In a conversation, when asked what we do, the question usually refers to occupation or vocation- what one does in order to pay bills/rent/mortgage. In other words, “What do you do for a living?” the fact that many of us are conditioned to associate being able to put money towards a roof over our heads as ‘living’ has always troubled me. The fact that people look at working 50, 60 (or more) hours a week as a status symbol has always troubled me, particularly when evidence of the toll on one’s health and mental stability due to working that many hours is highly documented. The fact that people around the world don’t have the means of basic quality of life- and you have to work massive amounts of hours just to attain that- has always troubled me.

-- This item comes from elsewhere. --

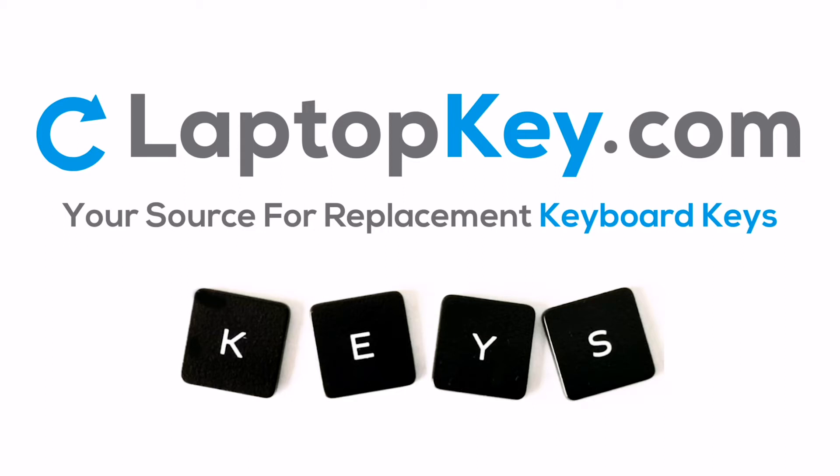LaptopKey.com, your source for replacement keyboard keys.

Having a job where you are not paid your worth (and the people at the top make triple the amount you do), where you are not able to make collective decisions about your own position; when you are at the mercy of management or supervisors; where your contributions or ideas are not valued; and you do it all just to be so tired at the end of the job’s day, you don’t feel like doing anything but watching television… This is not living. Living is not a person who just gave birth having to return back to their job, not being able to spend time and bond with their baby; living is not giving all your hours to the job where you have no days off. Living is not being in a space where you are not provided enough hours just so your place of employment can skip on providing insurance to employees… A JOB IS NOT LIVING. A job is a means to get the basic things you need, but it is not living.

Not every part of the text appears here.